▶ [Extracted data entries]
□ □ □ □ □

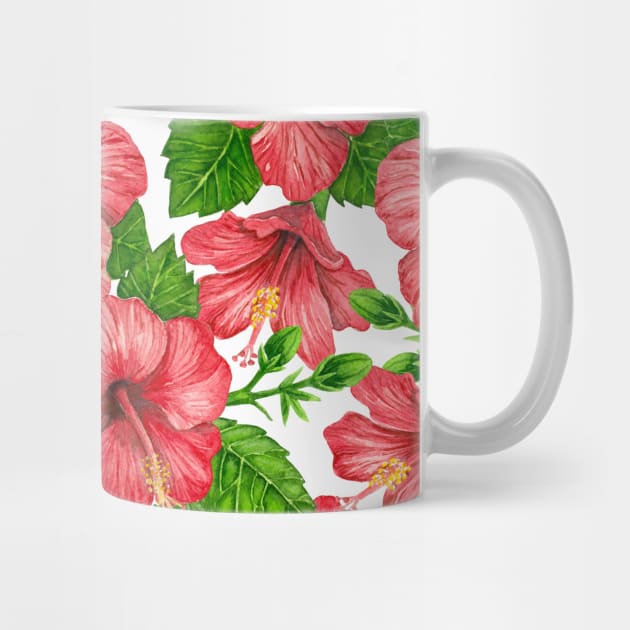 Red hibiscus watercolor pattern by katerinamk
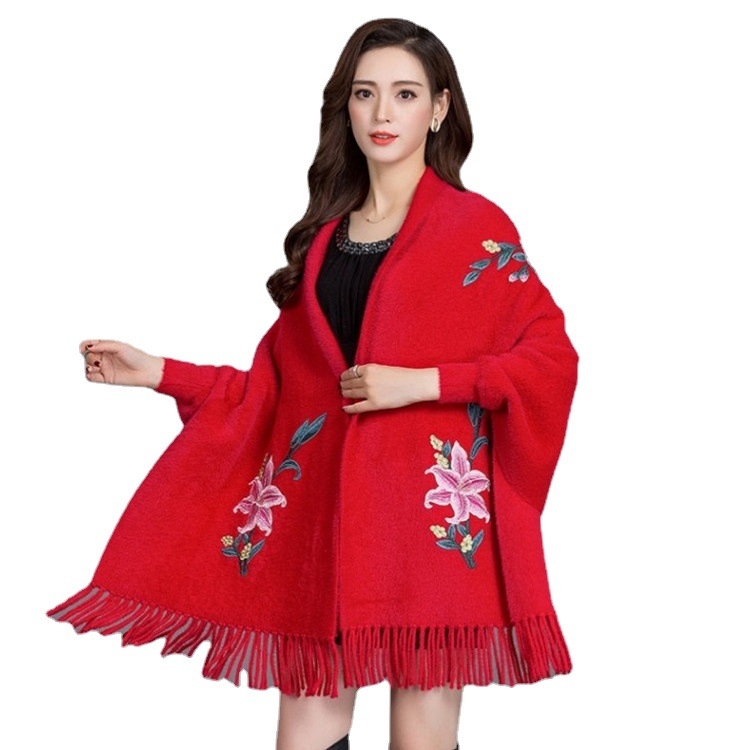 2025 Tavaszi és őszi nercbőr bársony női kötött kardigán kendő hímzett, középhosszú, bojtos köpeny, cheongsam meleg kabáttal kombinálva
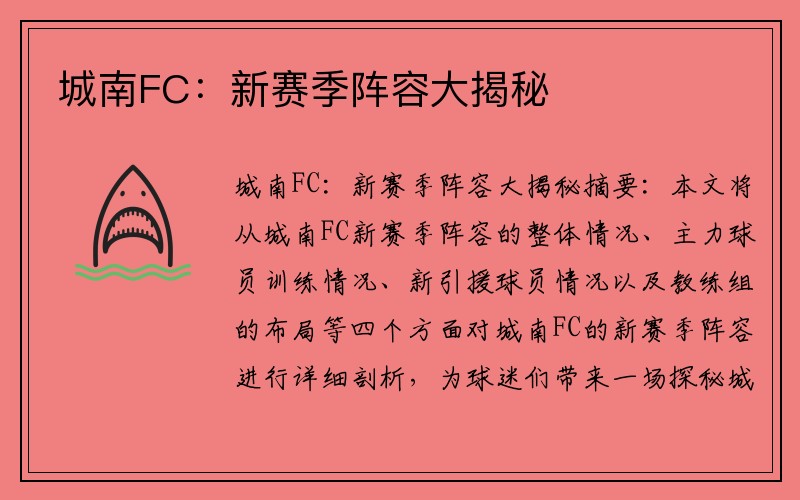 城南FC：新赛季阵容大揭秘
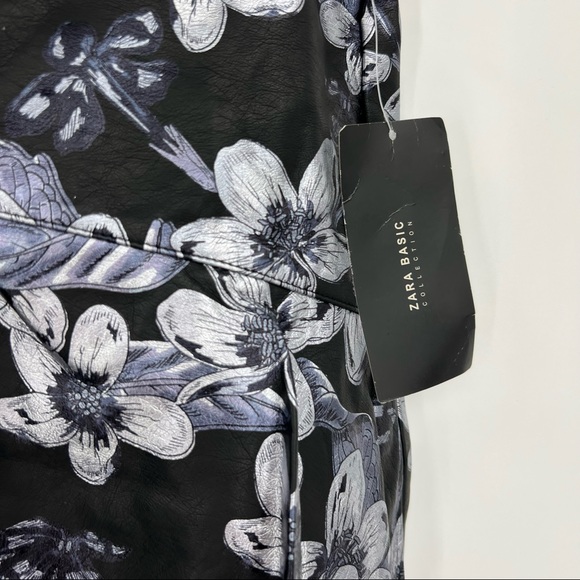 NEW Zara Metallic Floral Skirt Small - Picture 2 of 10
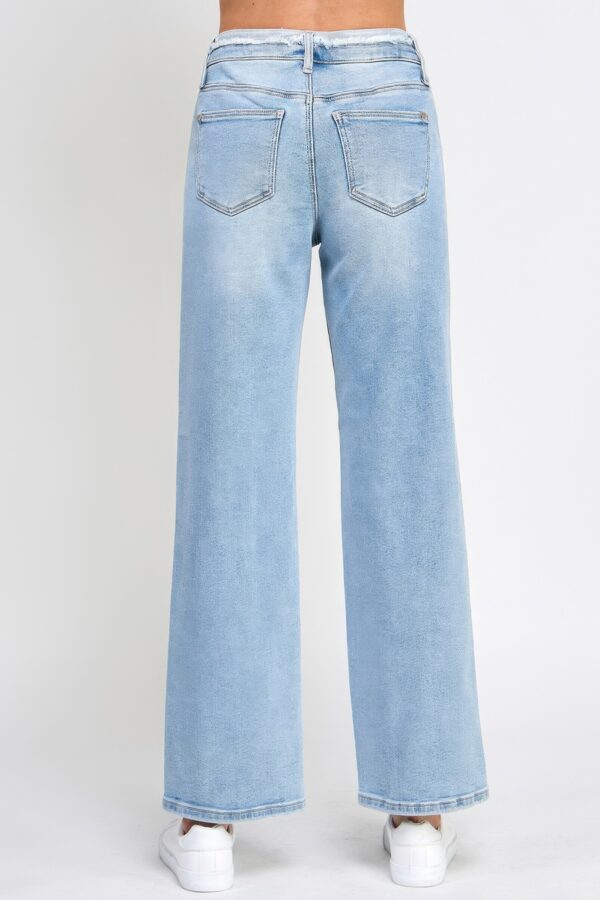 High-Rise Dad Jeans with Fringe Waistband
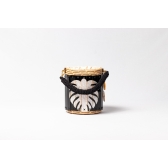 Bolsa de Palha Folha - Luna - Preto com madrepérola  claro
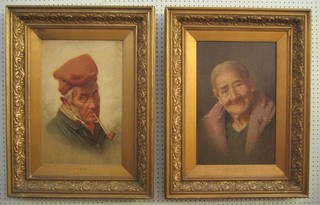 F Ciappa, a pair of 19th Century oil paintings on board, head and shoulders portraits of "Peasant Gentleman with Pipe" and "Old Lady Smiling" 20" x 13"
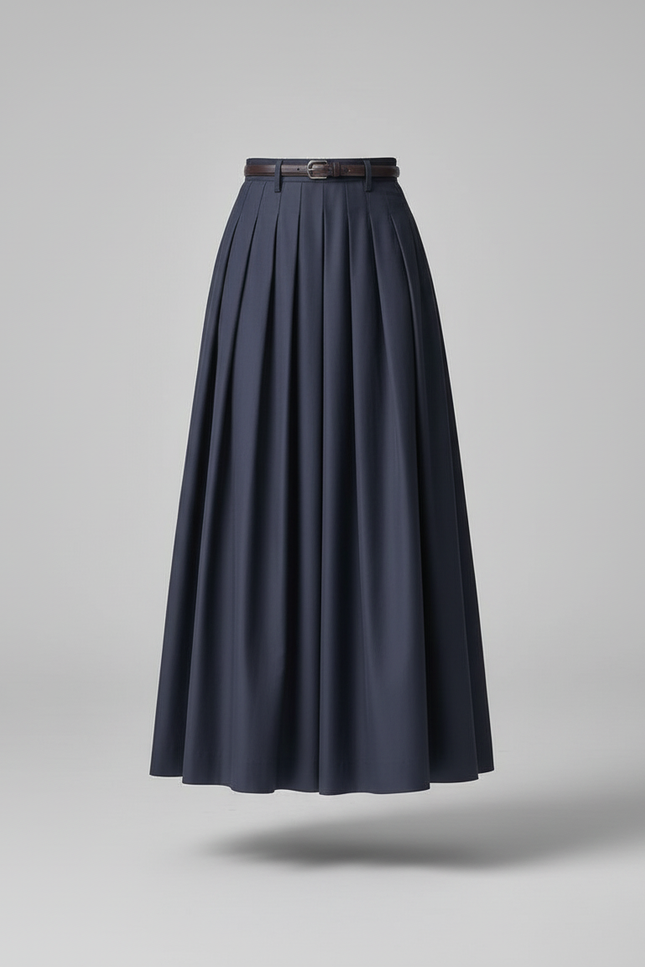 Jupe Longue Bleu Marine Plissée Élégante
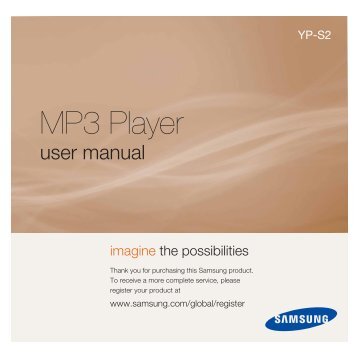 Samsung YP-S2ZB (YP-S2ZB/XEF ) - Manuel de l'utilisateur 0.98 MB, pdf, Anglais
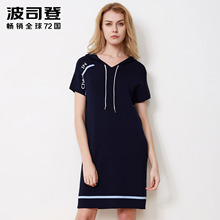 波司登2018新品春夏短袖连衣裙连帽女士时尚韩版裙子B80416148图片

□ □ □ □ □

Your answer should be an exact copy of the records above, with no pictures in it.

 Red hibiscus watercolor pattern by katerinamk
 2025 Tavaszi és őszi nercbőr bársony női kötött kardigán kendő hímzett, középhosszú, bojtos köpeny, cheongsam meleg kabáttal kombinálva
 城南FC：新赛季阵容大揭秘
 NEW Zara Metallic Floral Skirt Small - Picture 2 of 10
 High-Rise Dad Jeans with Fringe Waistband
 Bolsa de Palha Folha - Luna - Preto com madrepérola  claro
 F Ciappa, a pair of 19th Century oil paintings on board, head and shoulders portraits of "Peasant Gentleman with Pipe" and "Old Lady Smiling" 20" x 13"
 Jupe Longue Bleu Marine Plissée Élégante
 Samsung YP-S2ZB (YP-S2ZB/XEF ) - Manuel de l'utilisateur 0.98 MB, pdf, Anglais
 波司登2018新品春夏短袖连衣裙连帽女士时尚韩版裙子B80416148图片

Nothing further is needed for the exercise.